Principal Components Analysis (using example data)
This analysis was carried out using Minitab. A short series of notes describe how to complete a PCA using Minitab.
Principal Component Analysis Eigenanalysis of the Correlation Matrix (default method) Eigenvalue 2.449 1.6497 0.5140 0.3028 0.0845 Proportion 0.490 0.330 0.103 0.061 0.017 Cumulative 0.490 0.820 0.923 0.983 1.000
- The first row has the eigen values of the correlation matrix.
- The second row has the proportion of variation associated with each component, e.g. for PC1 2.449/5.000 = 0.490 or 49%.
- The third row gives the cumulative variation retained by the components, e.g. 0.820 is 0.490 + 0.330.
- Most of the information (82%) is contained within the first two components. Why do think this has happened (hint look at the correlation matrix and scatter plots)?
The eigen values (2.449, 1.6497, 0.514, 0.3028 & 0.0845) sum to 5.000 (same as the number of variables). Indeed the sum is always the number of variables (if the Correlation Matrix is analysed). When the correlation matrix is used each of the variables is standardised to have a mean of 0 and a variance of 1.0. Thus, the total variance to be partitioned between the components is equal to the number of variables.
The next table gives the eigen vectors of the five components. Normally (because their eigen values are larger than 1.0) we would restrict our interpretation to PC1 & PC2 only. Again there is a convention that we will follow. The eigen vectors are termed component loadings and they are used to calculate the component scores.
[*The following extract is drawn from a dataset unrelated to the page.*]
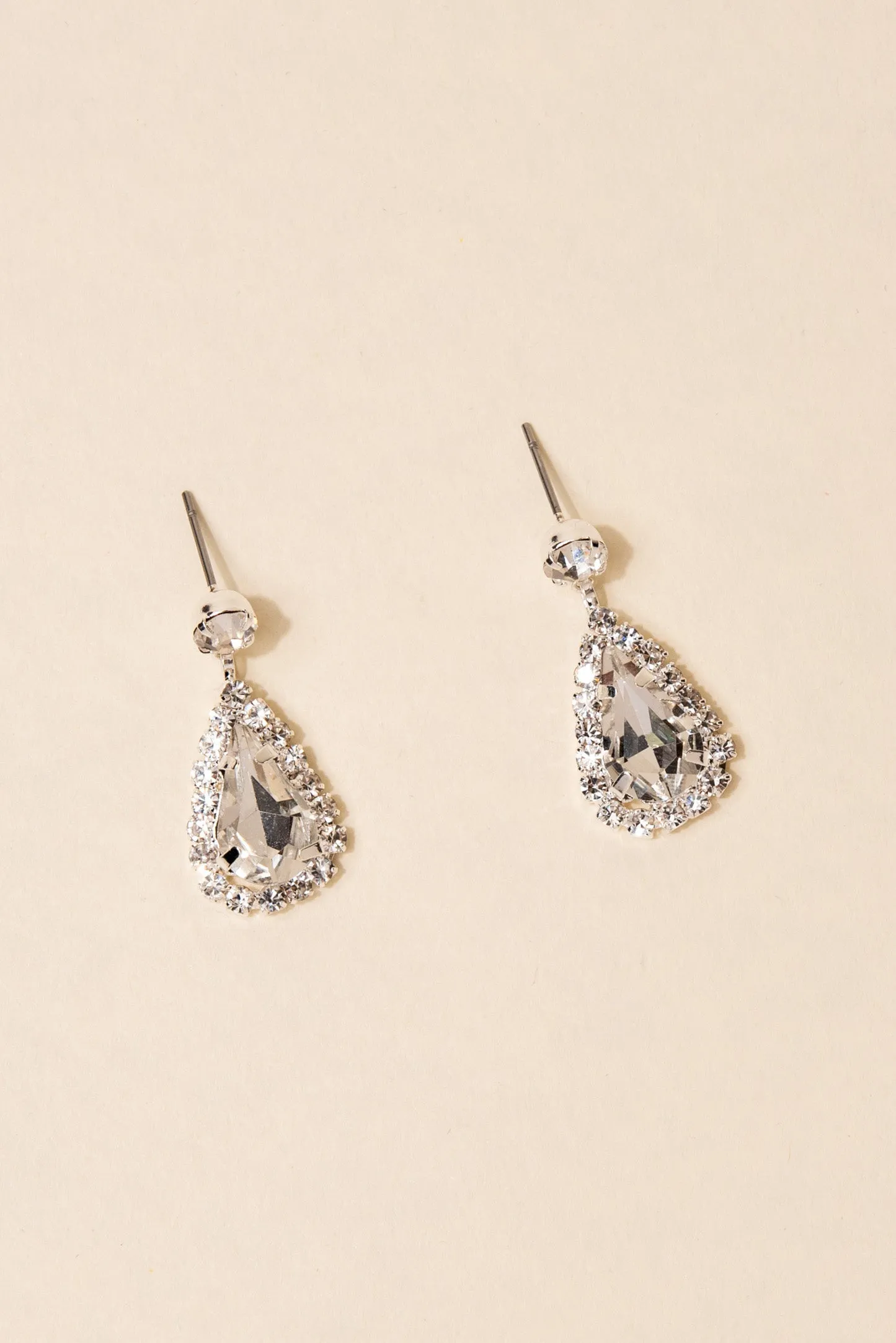 Emily Twisted Teardrop Pendant Necklace & Earrings Set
| Variable | PC1 | PC2 | PC3 | PC4 | PC5 |
|---|---|---|---|---|---|
| v1 | -0.514 | 0.260 | 0.477 | 0.631 | -0.205 |
| v2 | -0.605 | -0.134 | -0.228 | -0.022 | 0.751 |
| v3 | -0.587 | -0.078 | -0.381 | -0.357 | -0.613 |
| v4 | -0.120 | -0.652 | 0.667 | -0.340 | -0.020 |
| v5 | 0.102 | -0.695 | -0.361 | 0.598 | -0.134 |
Note that the calculation assumes standardised scores for the variables (mean = 0, standard deviation = 1.0). Because the variables share the same scale the loading, or weight, controls the contribution that each variable makes to the component score. Thus, v4 & v5 make only minor contributions to the first component, and more major contributions to the second component. In a real example we might attempt to assign some name to the combination of variables associated with a component. This aspect is considered in the examples that use real data.
Thus, our interpretation of these data is that
- The data can be represented adequately in just 2 dimensions.
- The first of these is associated with variables v1, v2 and v3.
- The second is associated with variables v4 and v5.
AN IMPORTANT POINT
The factor scores that are calculated have a mean of 0. This means that a negative score indicates a case with a below average score, whilst a positive factor score indicates a case with an above average score. Obviously a case with a 0 score is average.